Paolo Borsellino e Giovanni Falcone
Paolo Borsellino e Giovanni Falcone

Fratelli, Paolo e Giovanni, eppure tanto diversi. L’umanità di Paolo trascendeva ruoli e circostanze, per lui i ragazzi della scorta erano figli e come tali li trattava, mentre Giovanni era più rigido, gerarchico, questo, almeno, emerge dai racconti dei sopravvissuti alle stragi. Da ragazzi Salvatore e Paolo si sfidavano sui canti di Dante. Uno iniziava con una terzina e l’altro doveva continuare con la successiva ma di solito non vinceva nessuno dei due perché erano entrambi bravissimi. Salvatore era più sportivo, praticava la corsa ed erano appassionati di ciclismo, ammiravano Coppi che allora andava per la maggiore e insieme riuscirono finanche a comprare una bicicletta da corsa. Fino a tarda notte, poi, si riunivano con gli amici in quelli che chiamavamo i cenacoli e giocavano a carte bevendo “Fundador”. Spesso si perdevano in discussioni interminabili in cui Paolo teneva sempre banco, ascoltavano anche della musica, quella di Roberto Murolo e il jazz di New Orleans. Agnese, la moglie di Paolo, in più occasioni lo accompagnava al pianoforte mentre cantava “Reginella”, la sua canzone preferita del repertorio classico napoletano».
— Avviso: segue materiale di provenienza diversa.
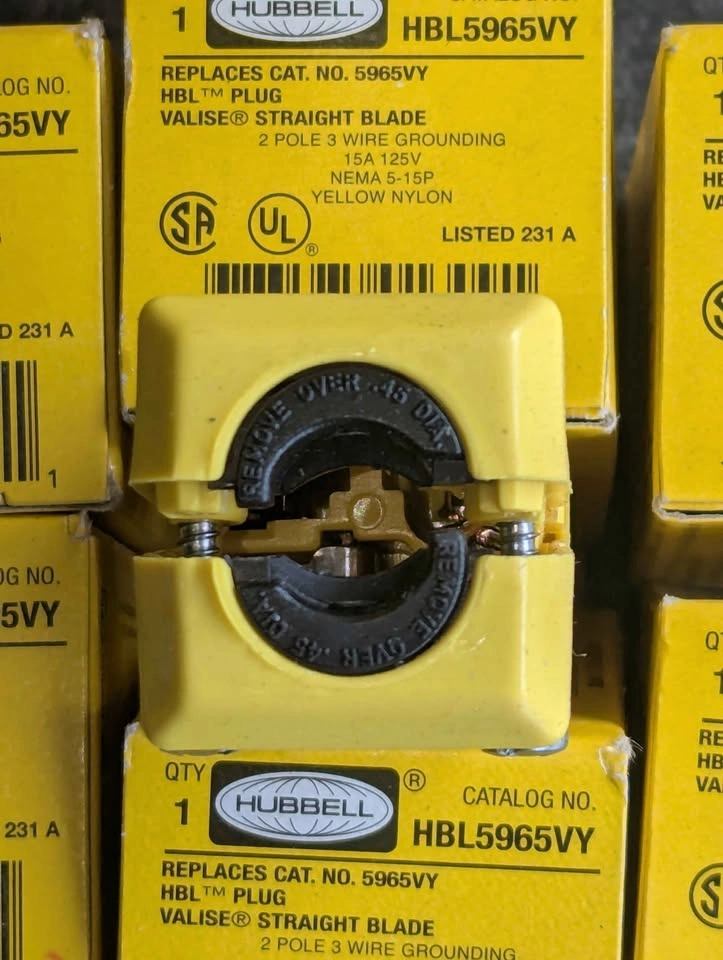 Hubbell Male Cord Ends HBL5965VY - photo 2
«Paolo piaceva molto alle ragazze, le affascinava, ma lui era un gran timido e anche quando si innamorava faceva una gran fatica a dichiararsi – ricorda Salvatore -. E andò avanti così finché non incontrò Agnese Piraino Leto, figlia di Angelo, presidente della Corte d’Appello di Palermo, la conobbe e in tre mesi decise di sposarla. Io in quel periodo stavo facendo il servizio militare e con la mia fidanzata avevamo già fissato la data del matrimonio al mio ritorno, ma fummo costretti a spostarla perché bisognava dare la precedenza al fratello maggiore. Un fratello che una volta entrato nel pool antimafia pensato e voluto da Chinnici, iniziò a vivere sotto scorta come tutta la sua famiglia. Anche i suoi figli Lucia, Manfredi e Fiammetta venivano portati a scuola dalla scorta».